PAGASA issued TCWS No. 1 for Batanes, Cagayan, Isabela, the northern portion of Nueva Vizcaya, the northern and central portions of Aurora, Apayao, Kalinga, Abra, Mountain Province, Ifugao, Ilocos Norte, Polillo Islands, the northern portion of Camarines Norte, the northeastern portion of Camarines Sur, and Catanduanes. The Office of Civil Defense (OCD) placed its operations on Blue Alert signifying the office was preparing for the incoming depression. The NDRRMC also raised an alert shortly after. The Department of Social Welfare and Development prepared 2,578,821 food packs to aid damages from the storm and placed their quick response teams on standby. Malacañang Palace Press Officer Claire Castro also announced that they had 114,623 ready-to-eat food boxes for citizens who might be stranded during sea travel in a press briefing. 313,064 non-food relief items were also prepared, such as blankets, hygiene kits, and kitchen kits. Police in southern Luzon were alerted by acting Chief of the Philippine National Police (PNP) Jose Melencio Nartatez. The entire province of Laguna and parts of Aurora and Quezon suspended classes. The province of Isabela was on high alert for the tropical depression. 121 individuals were evacuated across the Philippines. Classes in 132 municipalities were suspended, 39 from Ilocos Region (Region I) and Region II, and 13 for Central Luzon (Region III).
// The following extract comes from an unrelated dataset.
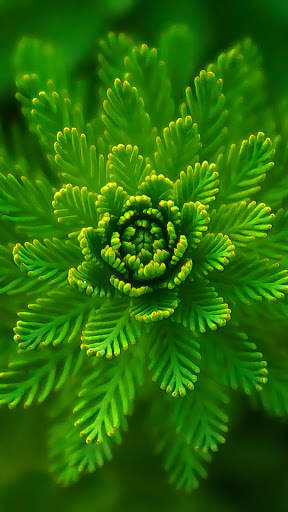 Macro HD Wallpaper screenshot 4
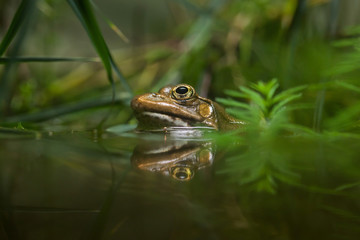 Marsh frog (Pelophylax ridibundus).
Work in 41 municipalities were also suspended, most from Region I.

===Hong Kong and Macau===
On September 17, the Hong Kong Observatory (HKO) issued Standby Signal No. 1 at 21:20 HKT (13:20 UTC), and Macau's Meteorological and Geophysical Bureau (SMG) did the same at 00:00 MST on the following day (16:00 UTC). Both the HKO and SMG later upgraded their signals to Strong Wind Signal No. 3 on September 19 at 09:20 HKT (01:20 UTC) and 07:00 MST (23:00 UTC), respectively, as the storm approached the territories. A day later, the SMG canceled all tropical cyclone signals at 06:00 MST (22:00 UTC), the HKO downgraded the signal to Standby Signal No. 1 at 09:20 HKT (01:20 UTC) and cancelled all tropical cyclone signals at 10:20 HKT (02:20 UTC). In the morning on 20 September the Amber rainstorm signal was issued in Hong Kong at 04:05 HKT and remained in place until early afternoon at 15:10. The Amber signal was again in effect between 09:10 and 17:30 HKT on 21 September.

== Impact ==
===Philippines===
Residents of Casiguran, where the storm made landfall, experienced strong winds and rain which caused a power outage. In Teresa, Rizal, sandbag barriers failed to stop floods from affecting a public market. Teresa and Morong, Rizal were strongly affected by flood currents. Isabela experienced strong wind. A bridge in Echague, Isabela was closed due to the river overflowing. Motorists could not access flood-afflicted roads. The flooding caused 100 houses to be submerged. Overall, 1,003 individuals were affected, with 171 of them inside evacuation centers. Four roads and 12 bridges were deemed unpassable, most originating from Cagayan Valley (Region II). One person was reported missing from the floods. Three died while four others went missing from indirect flooding in Valencia, Bukidnon. Combined with Bualoi (Opong) and Ragasa (Nando), total damage in the Philippines reached .

== Retirement ==

At their 58th Session in March 2026, the ESCAP/WMO Typhoon Committee announced that the name Mitag, along with seven others, would be retired from the naming lists for the Western Pacific. Its replacement name will be announced in 2027.

On March 19, 2026, PAGASA retired the name Mirasol from its rotating naming lists on account of the contributing damages with Typhoon Ragasa and Typhoon Bualoi, and will never be used again as a typhoon name within the PAR despite its first usage. It was replaced with Magyawan, which is derived from the Visayas goddess of the sea and death for the 2029 season.